Based in an office overlooking a dusty football pitch in Goma, the GVO is responsible for researching Mount Nyiragongo as well as its sister volcano, Mount Nyamuragira, which has been especially active in recent days.

It is a Herculean job: Equipment regularly gets looted, destroyed in lightning strikes, or tangled in tropical vegetation, while patchy internet and bumpy dirt roads create other headaches.

Despite a lack of resources, the observatory predicted the 2002 Mount Nyiragongo eruption, which flattened around 15 per cent of Goma and triggered a major humanitarian crisis – in part because local authorities didn’t heed the GVO’s warnings.

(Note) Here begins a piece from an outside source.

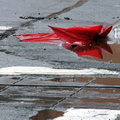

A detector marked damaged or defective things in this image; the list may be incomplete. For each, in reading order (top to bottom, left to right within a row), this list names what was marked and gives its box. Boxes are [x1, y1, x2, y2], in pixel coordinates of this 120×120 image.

International aid was provided for reconstruction efforts in the aftermath of the 2002 disaster. And greater support was extended to the GVO in the form of new equipment and staff training, various UN programmes, and longstanding international scientific research partnerships.

Still, international funding dwindled as the memory of what happened in 2002 receded among foreign donors. And recent corruption allegations at the observatory put off donors, according to UN officials in Congo and members of the GVO.

Awareness of the danger posed by Mount Nyiragongo also waned over the years among Goma’s population. Some residents settled in villages just a few kilometres from the volcano, in areas identified as high-risk.

Warning panels installed in Goma to alert residents to the fluctuating danger posed by the volcano were ignored, or in some cases used for local advertising, according to recent research.

Since the May eruption, additional equipment has been sent to the observatory and monitoring measures have been stepped up, according to Muhindo, who travelled to Kinshasa, Congo’s capital, in recent months to lobby the government for more support.

But the current funding from the government doesn’t cover the GVO’s full research needs, Célestin Kasereka Mahinda, the observatory’s scientific director, said during an interview in August at his office in Goma.

Mahinda said machines and equipment need replacing, GVO staff members need training – some of them abroad – and more awareness-raising needs to be done for Goma’s population.